Web page caption snippets:
▼

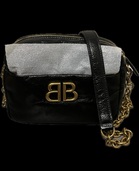 monaco camera bag（ブランドバッグ）の商品画像 - 査定依頼日：2025年10月23日 - 最高査定価格：180,000円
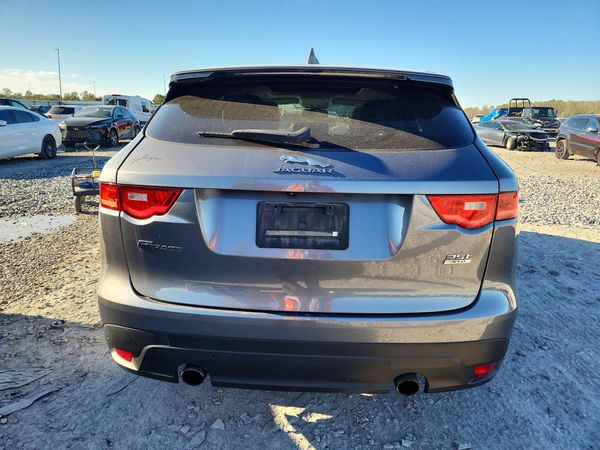 2017 JAGUAR F-PACE Prestige — DIRR
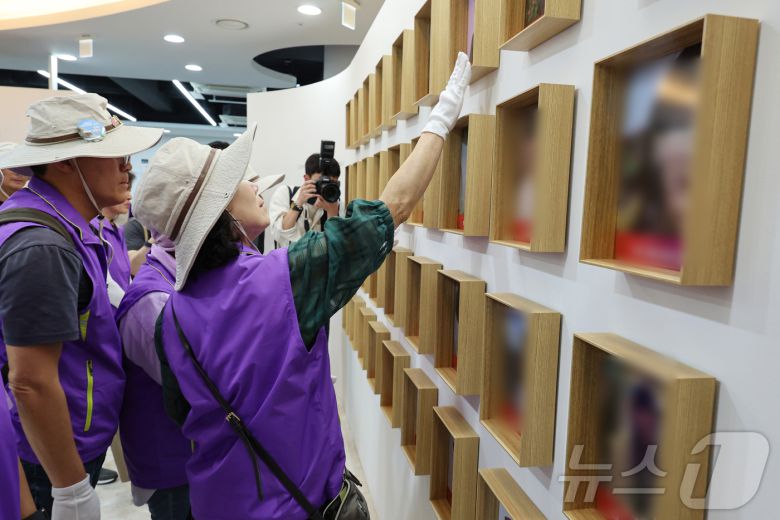 16일 오후 서울 중구 을지로 1가 부림빌딩에 마련된 10·29 이태원 참사 기억·소통공간 '별들의 집'을 유가족들이 둘러보고 있다. 이날 분향소는 서울광장에서 을지로 1가 부림빌딩 1층 실내로 이전했다. (공동취재) 2024.6.16/뉴스1 ⓒ News1 김진환 기자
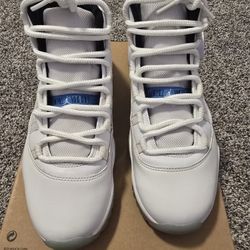 Jordan 11 Legend Blue Size 10
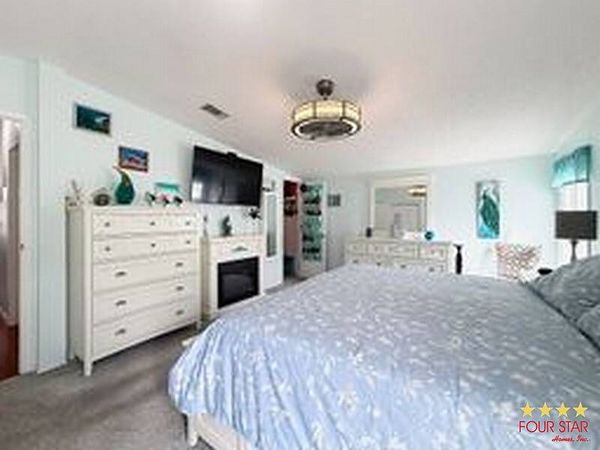 111 Mark Avenue, Lady Lake FL 32159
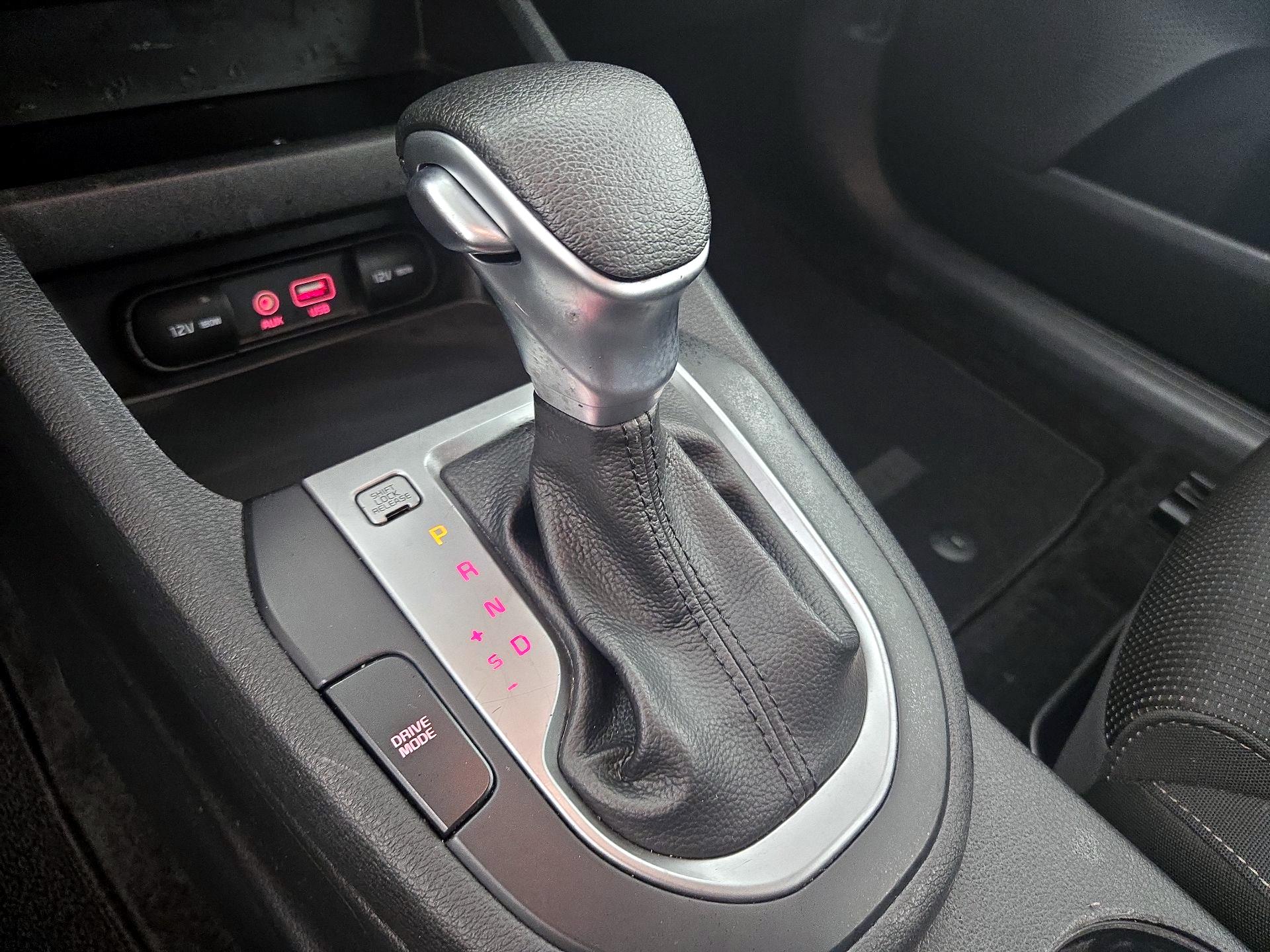 Thumbnail: 2020 Kia Forte - 17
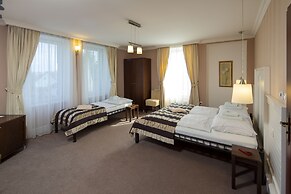 Pension Eden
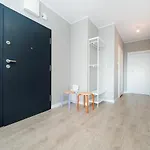 Διαμέρισμα 72m2 Manufaktura Prestige With Parking By Rentujemy Λοτζ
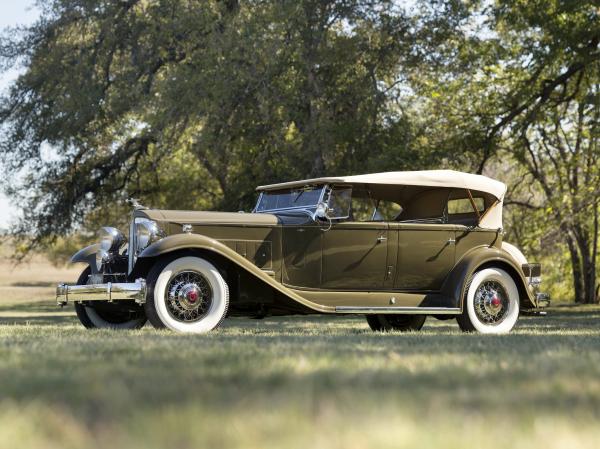 1932 Packard 905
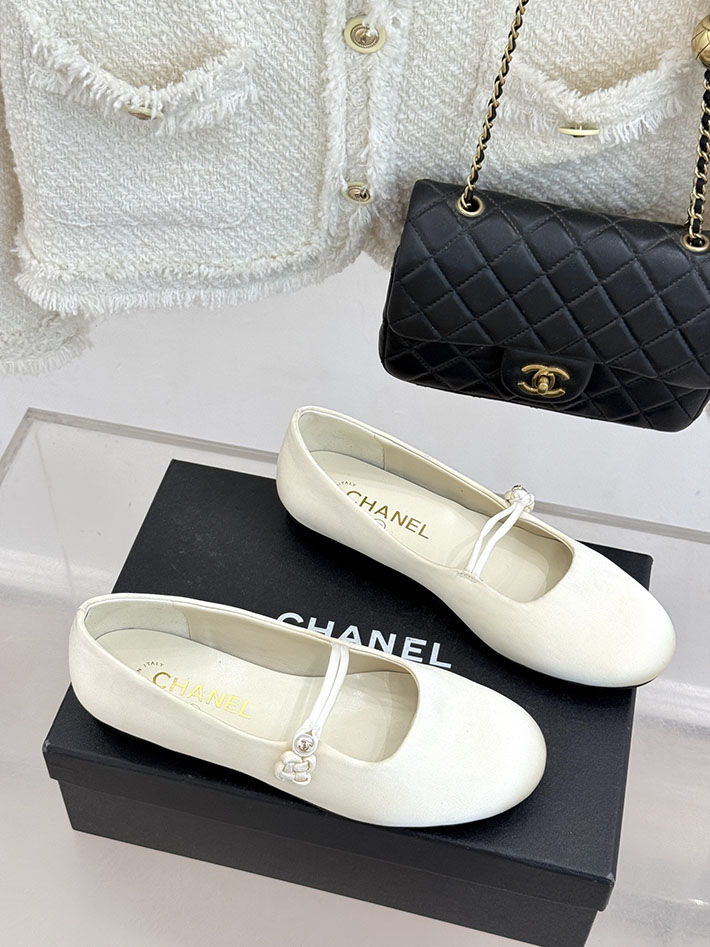 最高級シャネルスーパーコピー CHANEL 2026年春夏 新作 ココマーク レザー ストラップパンプス レッド 2630834 シャネル パンプス 値段 - 画像 (9)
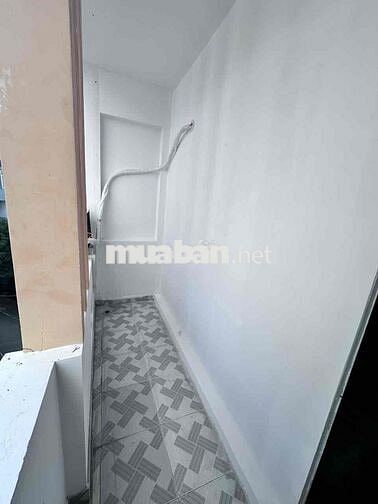 căn hộ 40m2 có bancon full nội thất,có bếp,bàn rửa chén ,chợ thạch đà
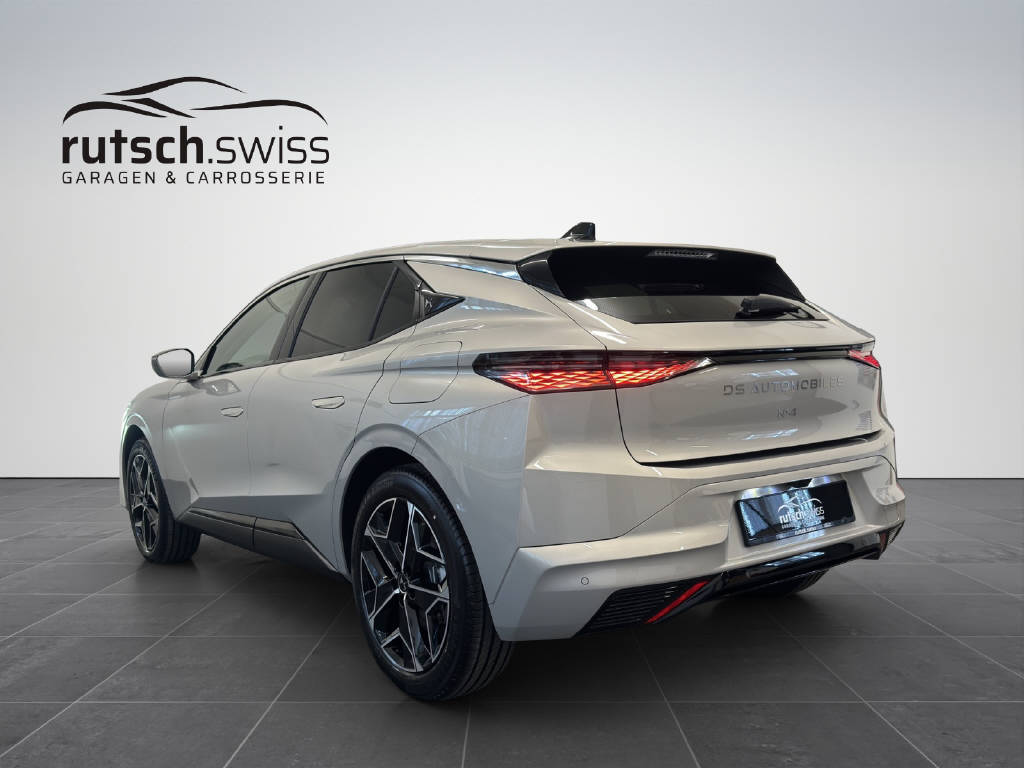 DS AUTOMOBILES No4 Plug-In Hybrid 225PS Étoile-image-3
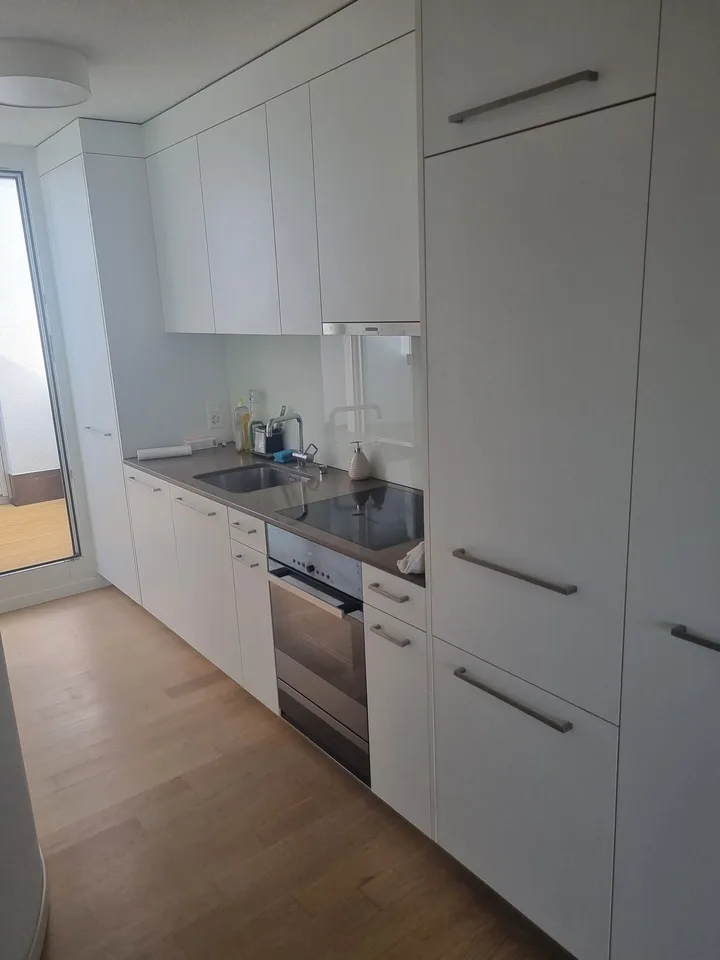 Maisonette arredata di 2.5 locali a Cham. termine fisso a settembre 2027 – foto 3 di 6
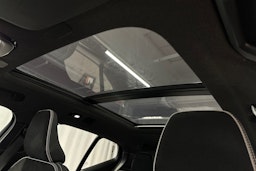 valkoinen Volvo XC40 2023 kuva 37.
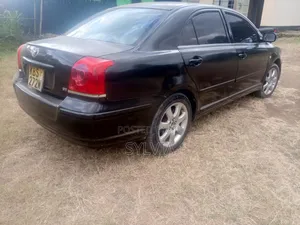 Toyota Avensis 2005 Black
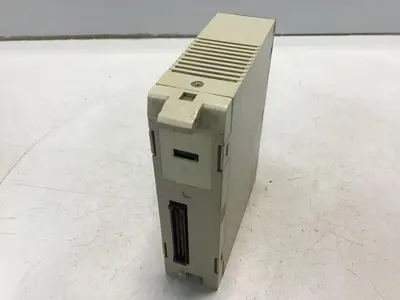 USED OMRON C200H-OC225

▲

Your goal
Reproduce exactly the lines above starting at the line containing "Διαμέρισμα 72m2 Manufaktura" and ending at the line containing "căn hộ 40m2", including both, but not the pictures.

Exercise result
 Διαμέρισμα 72m2 Manufaktura Prestige With Parking By Rentujemy Λοτζ
 1932 Packard 905
 最高級シャネルスーパーコピー CHANEL 2026年春夏 新作 ココマーク レザー ストラップパンプス レッド 2630834 シャネル パンプス 値段 - 画像 (9)
 căn hộ 40m2 có bancon full nội thất,có bếp,bàn rửa chén ,chợ thạch đà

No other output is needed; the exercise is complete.